TASK DIRECTIONS = Please repeat exactly the lines below from the line with "stunning 3 room penthouse w10 w11" to the line with "Tirane, jepet me", including both, and leave out every picture.

━━ RECORDED DATA ━━

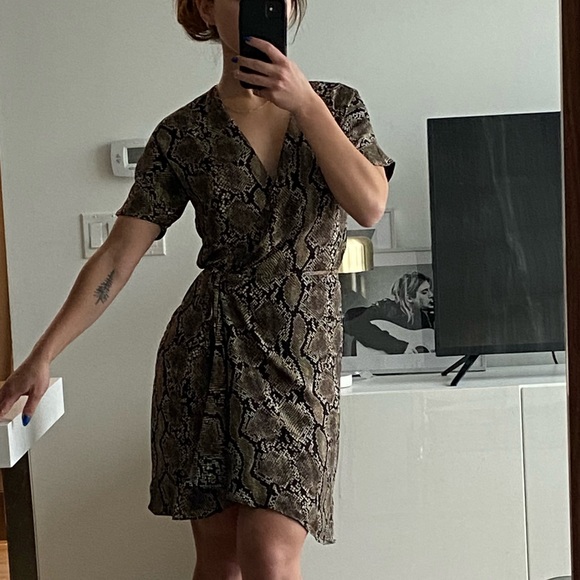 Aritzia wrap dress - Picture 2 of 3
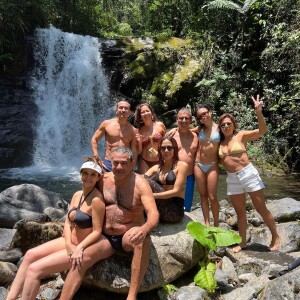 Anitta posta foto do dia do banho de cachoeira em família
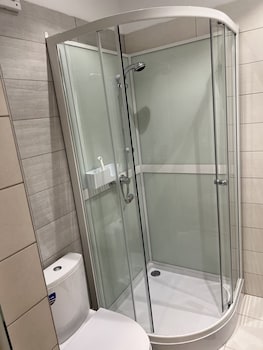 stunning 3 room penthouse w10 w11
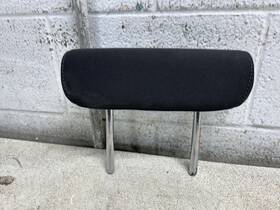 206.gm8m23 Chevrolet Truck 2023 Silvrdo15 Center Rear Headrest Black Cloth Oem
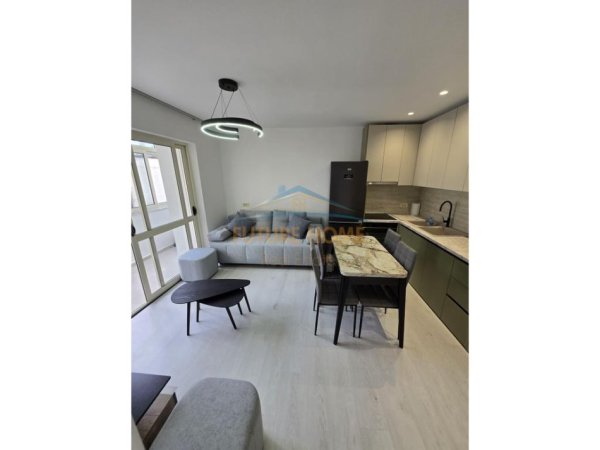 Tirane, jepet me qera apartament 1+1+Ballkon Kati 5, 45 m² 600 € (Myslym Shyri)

━━━
━━ RECORDED DATA ━━

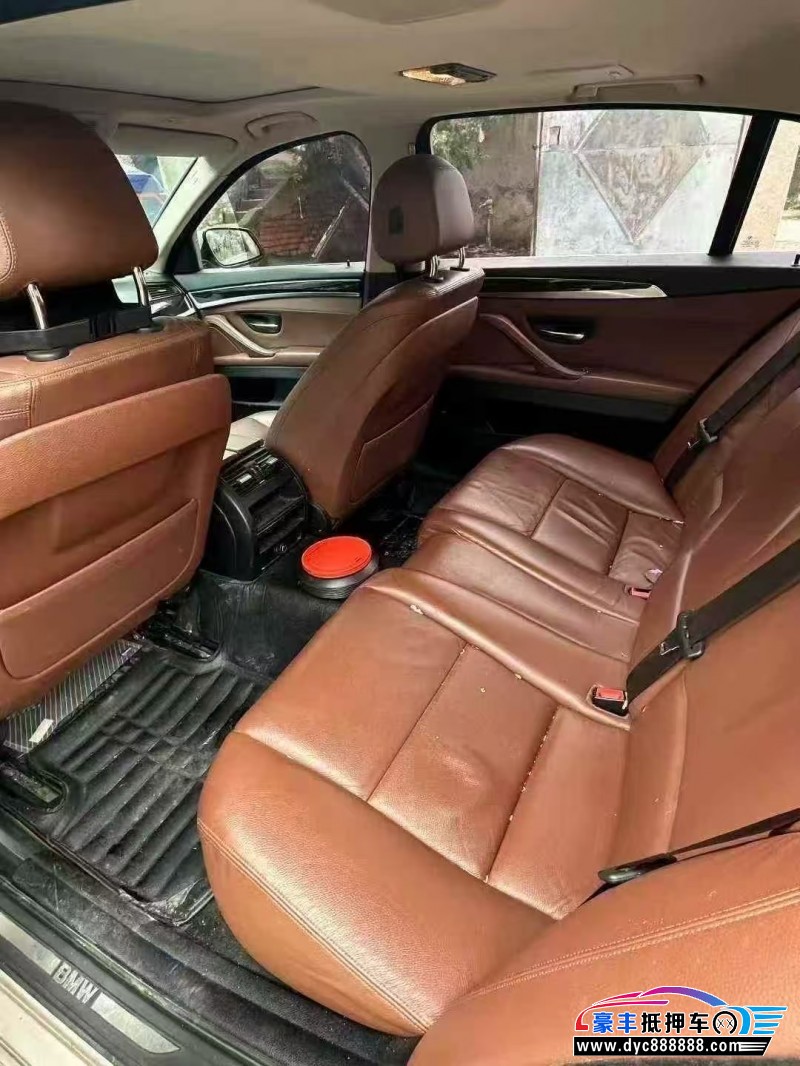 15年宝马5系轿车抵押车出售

━━━

ANSWER TO THIS TASK =
 stunning 3 room penthouse w10 w11
 206.gm8m23 Chevrolet Truck 2023 Silvrdo15 Center Rear Headrest Black Cloth Oem
 Tirane, jepet me qera apartament 1+1+Ballkon Kati 5, 45 m² 600 € (Myslym Shyri)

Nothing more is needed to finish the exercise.